Exercise 4.67.  Devise a way to install a loop detector in the query system so as to avoid the kinds of simple loops illustrated in the text and in exercise 4.64. The general idea is that the system should maintain some sort of history of its current chain of deductions and should not begin processing a query that it is already working on. Describe what kind of information (patterns and frames) is included in this history, and how the check should be made. (After you study the details of the query-system implementation in section 4.4.4, you may want to modify the system to include your loop detector.)

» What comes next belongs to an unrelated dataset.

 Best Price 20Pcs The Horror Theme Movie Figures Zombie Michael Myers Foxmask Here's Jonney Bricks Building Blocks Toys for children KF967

Exercise 4.68.  Define rules to implement the reverse operation of exercise 2.18, which returns a list containing the same elements as a given list in reverse order. (Hint: Use append-to-form.) Can your rules answer both (reverse (1 2 3) ?x) and (reverse ?x (1 2 3)) ?

Exercise 4.69.  Beginning with the data base and the rules you formulated in exercise 4.63, devise a rule for adding "greats" to a grandson relationship. This should enable the system to deduce that Irad is the great-grandson of Adam, or that Jabal and Jubal are the great-great-great-great-great-grandsons of Adam. (Hint: Represent the fact about Irad, for example, as ((great grandson) Adam Irad). Write rules that determine if a list ends in the word grandson. Use this to express a rule that allows one to derive the relationship ((great . ?rel) ?x ?y), where ?rel is a list ending in grandson.) Check your rules on queries such as ((great grandson) ?g ?ggs) and (?relationship Adam Irad).